COUR EUROPEENNE DES DROITS DE L'HOMME


DEUXIÈME SECTION


AFFAIRE KRITT c. FRANCE


(Requête n° 57753/00)


ARRÊT


STRASBOURG


19 mars 2002


Cet arrêt deviendra définitif dans les conditions définies à l'article 44 § 2 de la Convention. Il peut subir des retouches de forme.

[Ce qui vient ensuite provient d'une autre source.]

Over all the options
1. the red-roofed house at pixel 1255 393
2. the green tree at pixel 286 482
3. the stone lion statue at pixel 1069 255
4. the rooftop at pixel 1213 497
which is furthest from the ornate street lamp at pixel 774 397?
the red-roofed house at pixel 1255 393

En l'affaire Kritt c. France,

La Cour européenne des Droits de l'Homme (deuxième section), siégeant en une chambre composée de :
MM. A.B. Baka, président,

J.-P. Costa,

Gaukur Jörundsson,

K. Jungwiert,

V. Butkevych,

Mme W. Thomassen,

M. M. Ugrekhelidze, juges, et de Mme S. Dollé, greffière de section,

Après en avoir délibéré en chambre du conseil le 26 février 2002,

Rend l'arrêt que voici, adopté à cette date :


PROCÉDURE

1. A l'origine de l'affaire se trouve une requête (n° 57753/00) dirigée contre la République française et dont quatre ressortissants de cet Etat, Mlle Carole Kritt (" la première requérante "), M. Serge Kritt, Mme Monique Papin, épouse Kritt, et M. Jean-François Kritt (" les autres requérants "), ont saisi la Cour le 28 avril 2000 en vertu de l'article 34 de la Convention de sauvegarde des Droits de l'Homme et des Libertés fondamentales (" la Convention ").

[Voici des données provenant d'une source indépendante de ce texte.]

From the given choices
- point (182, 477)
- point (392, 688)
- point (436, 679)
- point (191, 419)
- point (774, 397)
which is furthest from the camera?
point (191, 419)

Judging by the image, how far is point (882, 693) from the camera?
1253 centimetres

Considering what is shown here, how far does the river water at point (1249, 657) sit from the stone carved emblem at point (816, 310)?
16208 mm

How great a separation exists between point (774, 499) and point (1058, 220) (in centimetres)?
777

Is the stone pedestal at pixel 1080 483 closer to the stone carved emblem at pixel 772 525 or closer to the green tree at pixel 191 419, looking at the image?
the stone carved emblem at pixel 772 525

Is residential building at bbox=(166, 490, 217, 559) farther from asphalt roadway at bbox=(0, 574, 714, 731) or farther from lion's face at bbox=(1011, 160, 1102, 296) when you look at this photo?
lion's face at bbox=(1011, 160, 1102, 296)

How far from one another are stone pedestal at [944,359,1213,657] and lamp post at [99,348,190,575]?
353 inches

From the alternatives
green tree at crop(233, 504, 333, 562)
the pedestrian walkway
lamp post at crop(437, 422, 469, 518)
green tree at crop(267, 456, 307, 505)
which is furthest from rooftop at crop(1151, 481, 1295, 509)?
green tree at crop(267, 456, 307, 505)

2. Les requérants sont représentés devant la Cour par Me Jean-Alain Blanc, avocat au Conseil d'Etat et à la Cour de cassation. Le gouvernement français (" le Gouvernement ") est représenté par son agent, M. Ronny Abraham, Directeur des Affaires juridiques au Ministère des Affaires étrangères.

3. La requête a été attribuée à la troisième section de la Cour (article 52 § 1 du règlement). Au sein de celle-ci, la chambre chargée d'examiner l'affaire (article 27 § 1 de la Convention) a été constituée conformément à l'article 26 § 1 du règlement.

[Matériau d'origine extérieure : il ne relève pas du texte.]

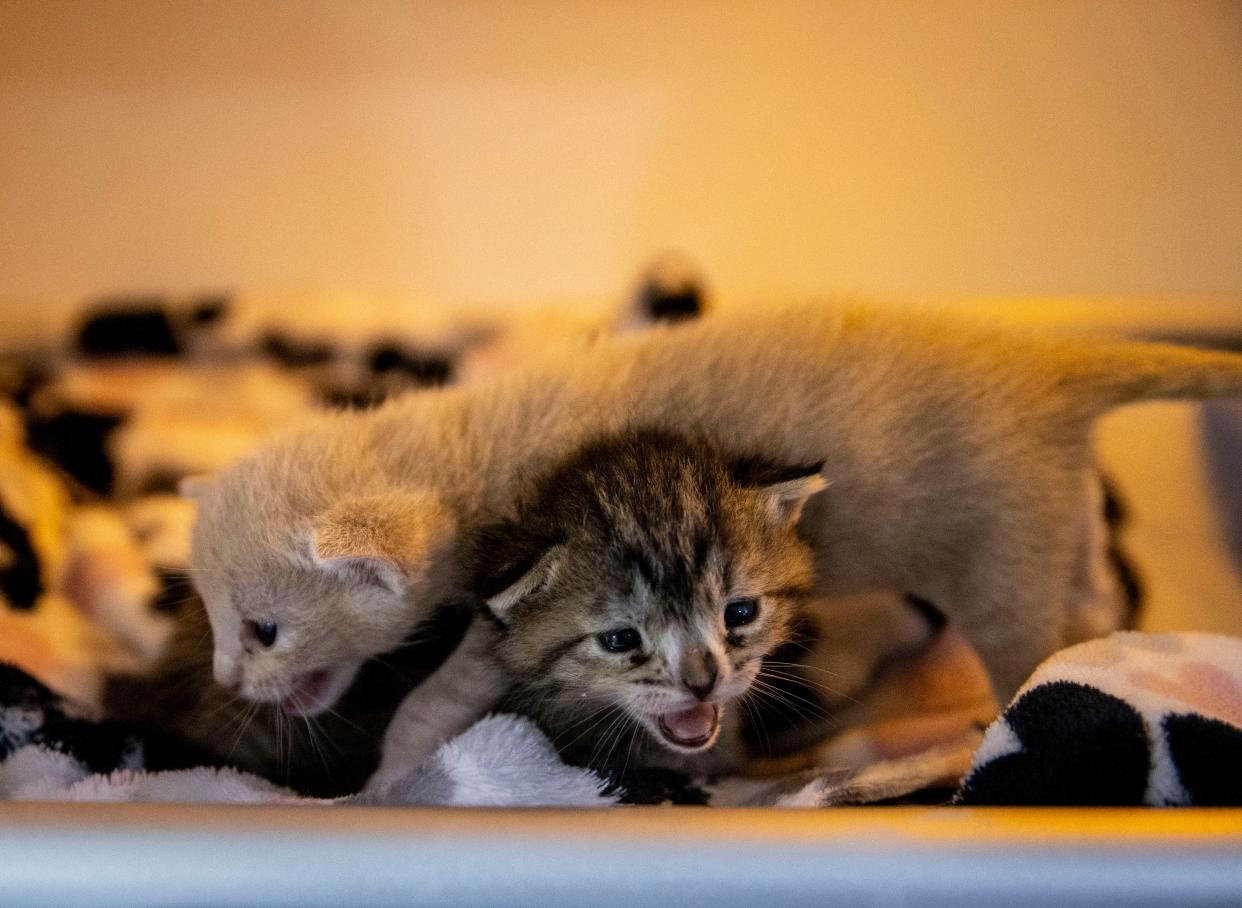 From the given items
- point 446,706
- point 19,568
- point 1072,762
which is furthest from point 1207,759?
point 19,568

4. Le 9 janvier 2001, se prévalant des dispositions de l'article 29 § 3 de la Convention, la Cour a décidé que seraient examinés en même temps la recevabilité et le fond de l'affaire.

5. Tant le requérant que le Gouvernement ont déposé des observations écrites sur la recevabilité et le fond de l'affaire (article 59 § 1 du règlement).

6. Le 1er novembre 2001, la Cour a modifié la composition de ses sections (article 25 § 1 du règlement). La présente requête a été attribuée à la deuxième section ainsi remaniée (article 52 § 1).


EN FAIT

7. Le 2 mai 1984, la première requérante subit une intervention chirurgicale dans un hôpital dépendant de l'Assistance publique-Hôpitaux de Paris (" AP-HP "). A cette occasion, elle reçut des transfusions de produits sanguins. Elle apprit par la suite qu'elle était contaminée par le virus de l'immunodéficience humaine et le virus de l'hépatite C.

8. Par une demande préalable du 23 mars 1998, la première requérante et les autres requérants (lesquels son, respectivement, son père, sa mère et son frère), demandèrent à l'AP-HP, en sa qualité de gestionnaire d'un centre de transfusion sanguine, de leur verser des indemnités en réparation des préjudices subis par eux du fait de cette double contamination.

9. L'absence de réponse à cette demande dans un délai de quatre mois valant décision implicite de rejet, les requérants saisirent le tribunal administratif de Paris par une requête du 20 août 1998.

L'AP-HP produisit un mémoire en défense le 25 février 1999, auquel les requérants répliquèrent le 12 avril 1999.

Par un jugement avant-dire droit du 29 février 2000, le tribunal administratif de Paris ordonna une expertise médicale aux fins de décrire l' " état actuel " de la première requérante, " donner tous éléments utiles d'appréciation " quant aux causes de cet état et quant aux fautes médicales ou de soins ou aux fautes dans l'organisation et le fonctionnement du service qui auraient été commises à l'hôpital, et " donner tous éléments d'appréciation sur les préjudices subis " par l'intéressée.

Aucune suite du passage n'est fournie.